La quête d’un nouveau sélectionneur pour l’équipe d’Algérie de football agite le microcosme sportif depuis plusieurs jours. Après le départ de Vladimir Petkovic, un profil se détache nettement des autres candidats : l’Espagnol Felix Sanchez, ancien patron des sélections du Qatar et de l’Équateur, présenté comme le grand favori pour prendre les rênes des Verts.
Une succession officialisée par la FAF après le départ de Petkovic
Réunie lundi dernier, l’instance dirigeante du football algérien a acté la fin de la collaboration avec Vladimir Petkovic. À l’issue de cette rencontre, le Bureau fédéral a chargé le président de la Fédération d’entamer les démarches en vue de recruter le prochain entraîneur de la sélection nationale, comme l’a précisé un communiqué officiel.
Selon ce même document, le choix se fera en collaboration avec le Collège technique national. Cet organe rendra un avis destiné à orienter la décision finale, en tenant compte de trois paramètres : la compétence, l’expérience et la cohérence avec le projet sportif porté par la fédération.

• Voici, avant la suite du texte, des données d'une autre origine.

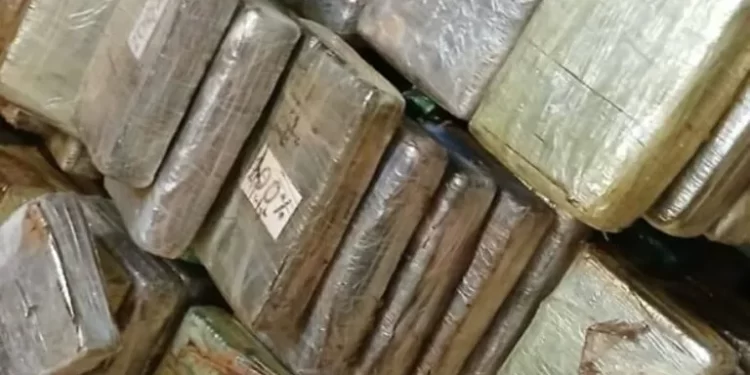 Douanes sénégalaises : Près de 22 milliards CFA de cocaïne saisis à Kalifourou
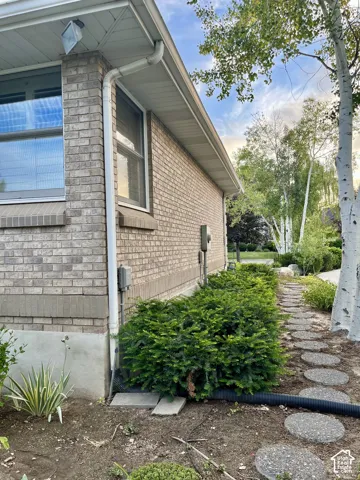 Side Yard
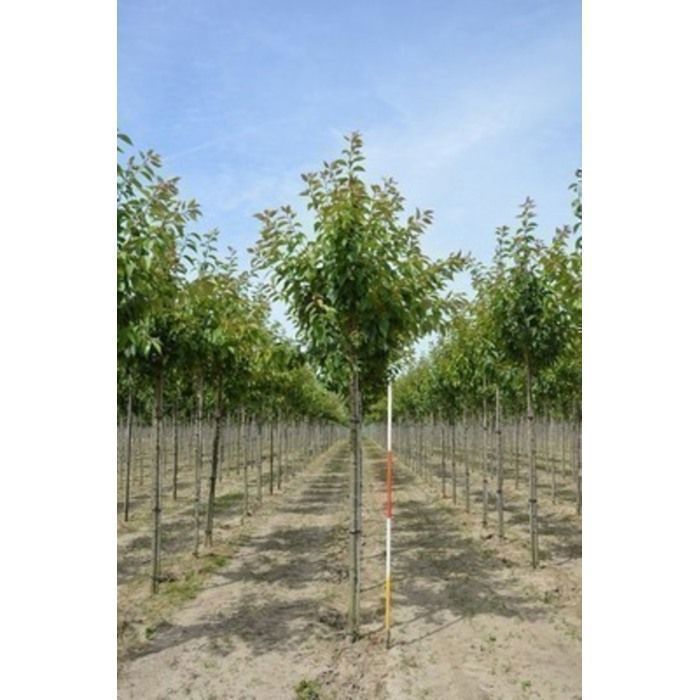 Prunus serr. 'Kanzan' - Cerisier Du Japon , Cérisier À Fleurs Japonnais 60- 80 cm en pot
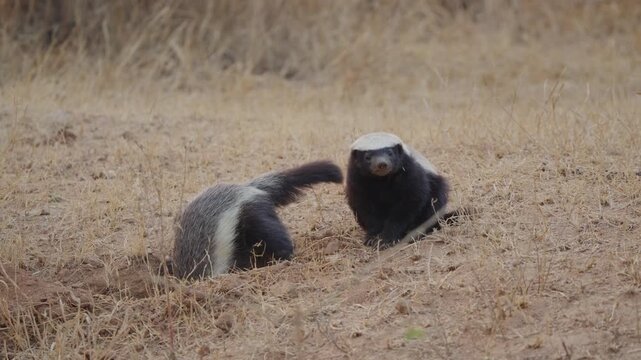 Honey badger digging furiously at a burrow in slow motion as a second badger looks away, seemingly disinterested. Wildlife behavior scene filmed in Kruger National Park, South Africa.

Trois candidats en lice, Felix Sanchez en tête de la liste
D’après plusieurs informations de presse, le président de la FAF Walid Sadi aurait clairement exprimé son penchant pour un technicien issu de l’école espagnole lors de cette réunion. Une orientation qui confirme une tendance déjà observée par le passé au sein de l’institution.

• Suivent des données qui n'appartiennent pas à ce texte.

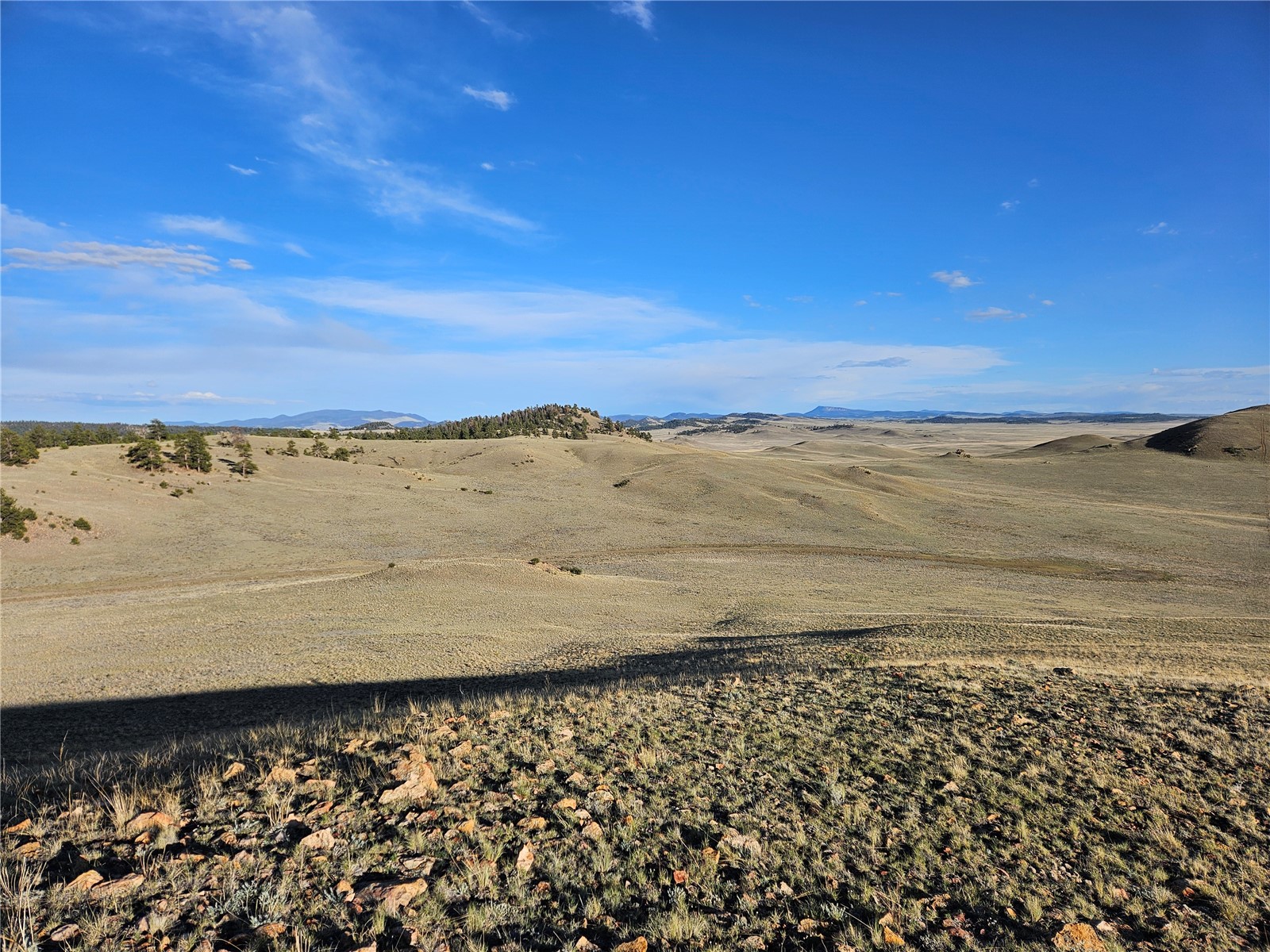 Pcs#24142 Antero Road Hartsel, CO 80449 - Photo 42 of 50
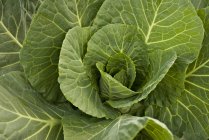 Крупный план овощей из капусты — стоковое фото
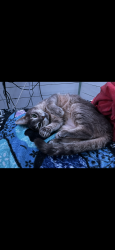 Lost Female Cat last seen Lynchburg Va, Nelson County, VA 22938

Le dirigeant aurait même reconnu avoir approché Xavi Hernandez, mais l’ancien milieu du Barça s’est révélé trop onéreux pour les finances de la fédération. Avant lui, le nom de Rafael Benitez avait circulé sur les réseaux sociaux et dans les rédactions. Depuis peu, c’est un autre Espagnol qui occupe le devant de la scène : Felix Sanchez.
Parmi les profils examinés par le Collège technique, celui de Sanchez apparaît comme le plus solide, devançant Rafael Benitez et le Belge Tom Saintfiet. Plusieurs observateurs se disent aujourd’hui convaincus qu’il sera bel et bien le prochain sélectionneur des Fennecs.
Une nomination attendue dans les prochaines heures
À la lumière des éléments disponibles, la désignation de l’ancien coach du Qatar semble imminente. Les propos tenus par le président devant le Bureau fédéral laissent penser que le futur technicien sera espagnol, sans figurer parmi les grands noms du football mondial, puisque Xavi a été jugé financièrement inaccessible.
Un parcours forgé au Qatar et couronné en Asie
Felix Sanchez ne bénéficie pas de la notoriété d’un Benitez ou d’un Xavi, mais il coche au moins deux des critères fixés par la fédération : la compétence et l’expérience. Reste à évaluer sa capacité à s’inscrire dans le projet sportif algérien, troisième condition posée pour valider la nomination du futur sélectionneur.
Ce critère écarte d’ailleurs l’ex-international algérien Antar Yahia, qui n’a jamais dirigé une sélection nationale au cours de sa carrière d’entraîneur. La préférence accordée à un profil espagnol répond ainsi à des exigences précises.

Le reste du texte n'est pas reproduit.